Exact transcription of the data below is required, without the images.

Source data —
━━━━━━━━━━
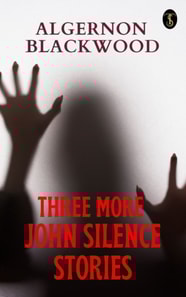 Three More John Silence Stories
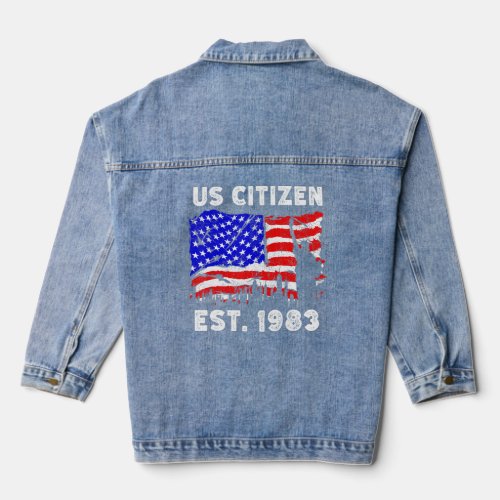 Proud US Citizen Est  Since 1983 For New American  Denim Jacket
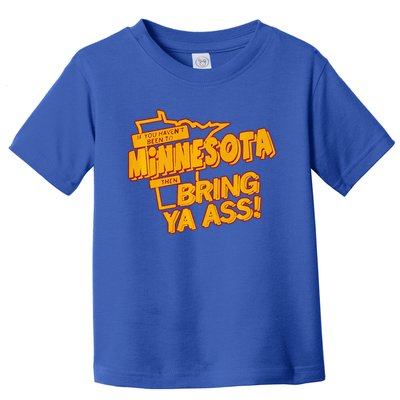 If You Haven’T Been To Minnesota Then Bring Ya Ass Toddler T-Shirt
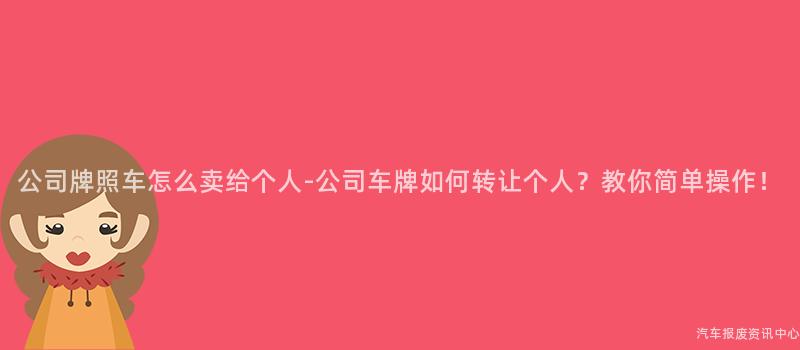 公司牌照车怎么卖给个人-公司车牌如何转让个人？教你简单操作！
━━━━━━━━━━
Result for this task —
 Three More John Silence Stories
 Proud US Citizen Est  Since 1983 For New American  Denim Jacket
 If You Haven’T Been To Minnesota Then Bring Ya Ass Toddler T-Shirt
 公司牌照车怎么卖给个人-公司车牌如何转让个人？教你简单操作！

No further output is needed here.